June 19, 2014
Equustek Solutions Inc. et al v. Morgan Jack et al 2014 BCSC 1063
The B.C. Supreme Court has ordered Google to block certain websites from its search results worldwide.
In a trade secret and passing off lawsuit, the defendants were previously ordered not to sell their electronic devices through websites by the B.C. Court. The defendants, operating entirely as a virtual company, did not comply with such court orders and continued carrying on business through a complex and ever expanding network of websites. While not a party to the proceedings, Google voluntarily removed specific websites from its Google.ca, Canada-specific search results; however, Google was unwilling to block an entire category of URLs (sometimes referred to as “mother sites”), from its search results worldwide. As a result, the defendants’ Datalink websites continued to come up in searches on other Google sites accessible by Canadians.
This led the plaintiff to seek a third party interim injunction against Google, taking the position that Google’s search engine facilitates the defendants’ ongoing breach of one of the initial court orders by leading customers to the defendants’ virtual business websites.
Google responded that the B.C. Court does not have jurisdiction over it because it is not present in British Columbia, and because the application for an injunction does not relate to Google doing or refraining from doing anything in either British Columbia or Canada. Google argued that even if the Court did have jurisdiction, the order sought should not be made: (i) because it would amount to a worldwide order that could not be enforced; and (ii) because it would constitute an unwarranted intrusion into Google’s lawful business activities as a search engine.
The case raises two interesting questions: (i) Does the B.C. Court have territorial competence over a worldwide internet search provider?; and (ii) Should Google be ordered not to generate and show search results that provide hyperlinks to the Datalink websites which advertise and sell infringing products?

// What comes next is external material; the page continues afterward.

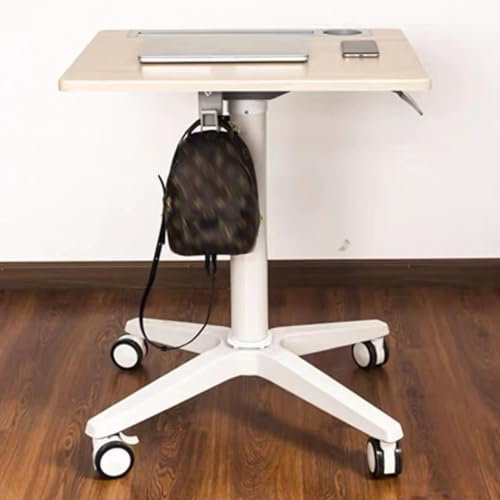 YVYKFZD Mobiler stehpult, Sitz-Steh Rednerpult, höhenverstellbare Laptoptisch mit 4 rollenden Rädern, tragbarer Kirchenpodium, einfache Montage (Color : Maple Color)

The B.C. Court decided it had the power to grant injunction against Google since it considered that Google had a real and substantial connection with B.C. and was within the Court’s territorial jurisdiction. While advertising in a jurisdiction alone is generally not sufficient to grant territorial competence, Google is not advertising its own business, but rather going beyond by engaging with customers and providing them with user-specific, non-Google brand advertising. Additionally, Google sells ad space to B.C. businesses and had previously sold ad space to the defendants, and as result, was carrying on business in B.C.

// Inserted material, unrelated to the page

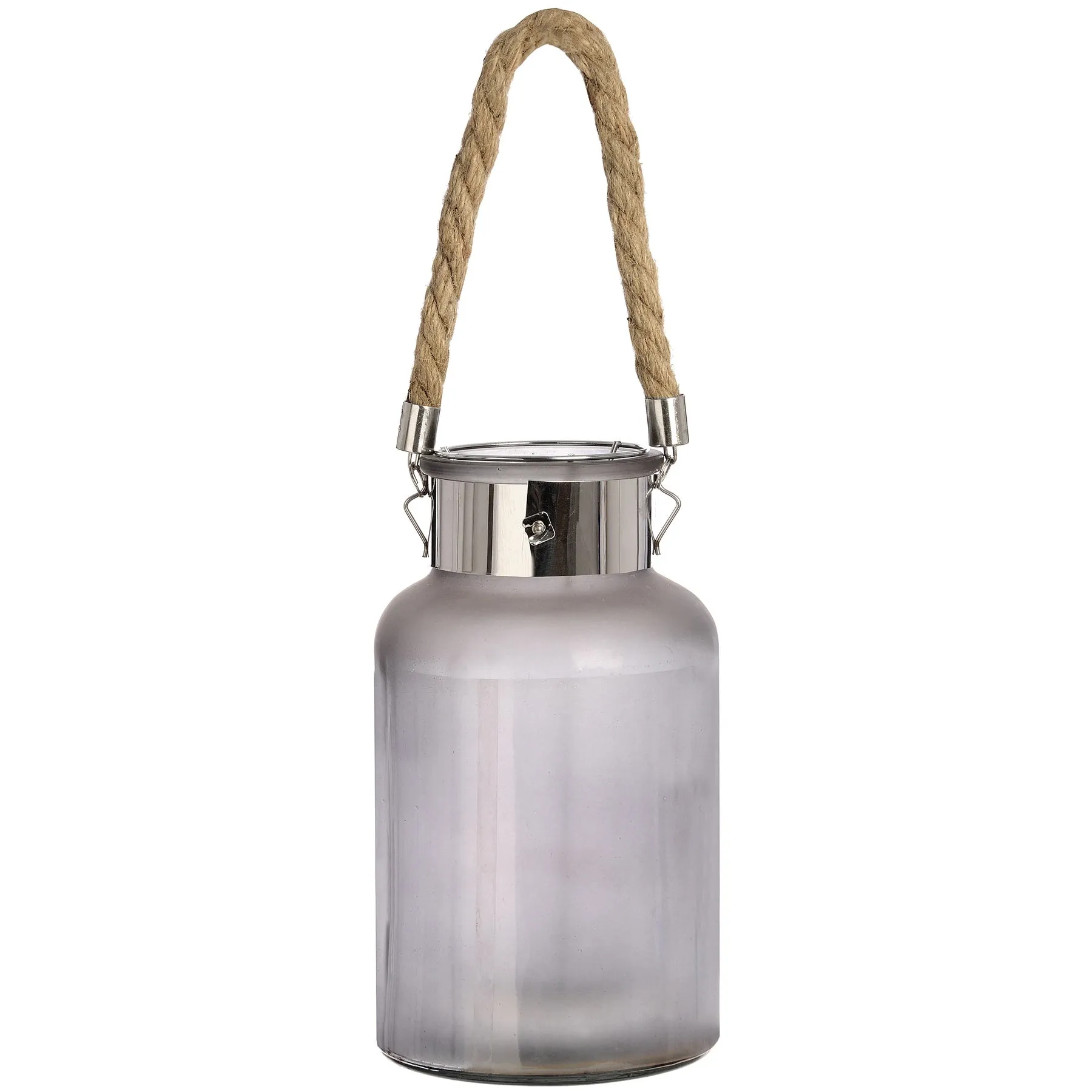 Elegant Frosted Glass Lantern with Rope and LED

Foreign “passive” websites have traditionally been off-limits for Canadian courts. However, the B.C. judge held that Google was an active not passive participant given Google’s customized search results based, in part, on Google’s past experience with that searcher.
The B.C. judge decided that although Google was an innocent bystander, it was unwittingly facilitating the defendants’ ongoing breaches of the Court’s orders. Moreover, there was no other practical way for the Datalink websites’ sales to be stopped, and no other way to remove those websites from Google’s search results.
It remains to be seen whether this decision remains entirely fact-specific, or has far reaching implications in respect of future court orders in Canada. Google has indicated that it will appeal the decision.
The potential reach of this decision should be noted by brand owners seeking to give practical effect to existing court orders that are difficult to enforce online. Normally, a Canadian court will not assume jurisdiction over a foreign company unless it has a significant connection to Canada. With jurisdiction extending to Google, the B.C. Court has indicated that there is risk of legal liability in any jurisdiction, and certainly in Canada, to companies engaging in worldwide business activities through online reach. Further, while the B.C. Court finds Google an “innocent bystander” in this case, the decision nonetheless recognizes Google’s unwitting involvement in, and enabling of, the infringing activities of the defendants. It remains to be seen if this can lead to Canadian law giving effect to secondary liability for trademark infringement in the context of online usage, which has not been the case to date. It also remains to be seen how and if this will impact Google’s current AdWord Policy in Canada, which only provides a take-down mechanism for third-party advertisements which display the complainant’s trademarks in the text of the ad, rather than use of the complainant’s trademarks as key terms to generate ads when conducting searches on Google.